GIVEN ENTRIES START

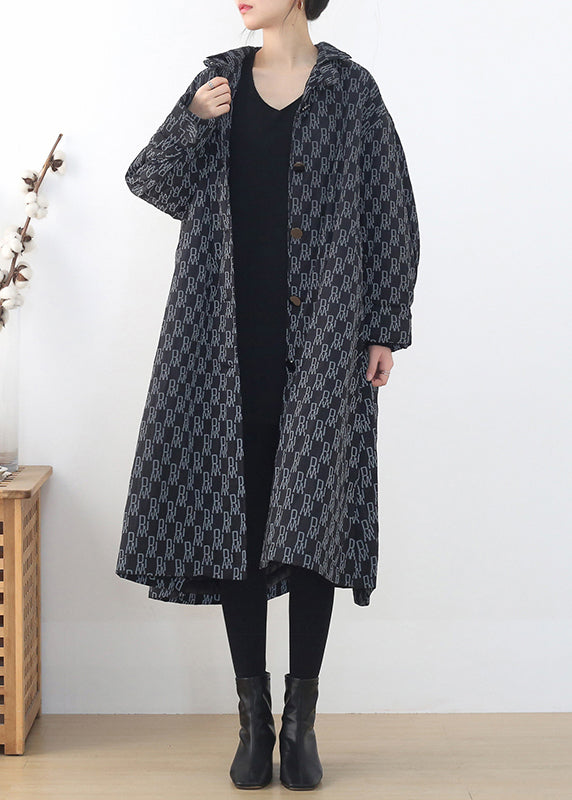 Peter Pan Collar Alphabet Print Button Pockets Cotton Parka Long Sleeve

GIVEN ENTRIES END
GIVEN ENTRIES START

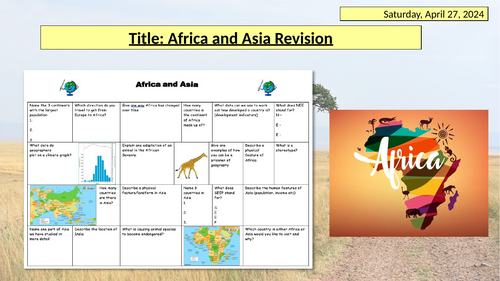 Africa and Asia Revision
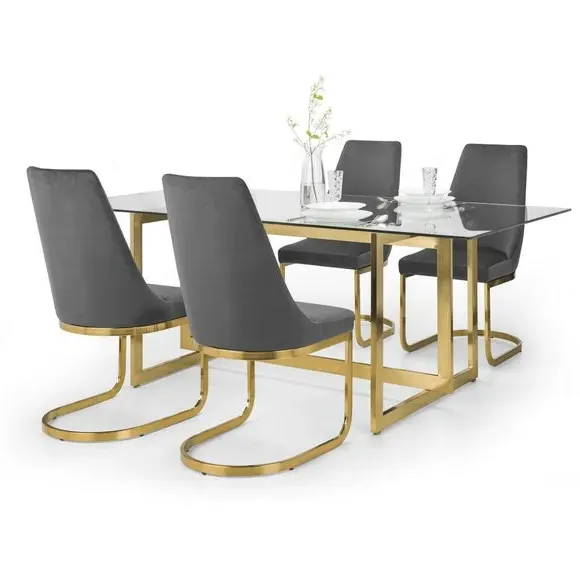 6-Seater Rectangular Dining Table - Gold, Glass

GIVEN ENTRIES END

Using the data above, give again exactly the lines starting at the one holding "Africa and Asia Revision" and ending at the one holding "6-Seater Rectangular Dining", inclusive, and nothing more. Omit the pictures.

RESPONSE AREA:
 Africa and Asia Revision
 6-Seater Rectangular Dining Table - Gold, Glass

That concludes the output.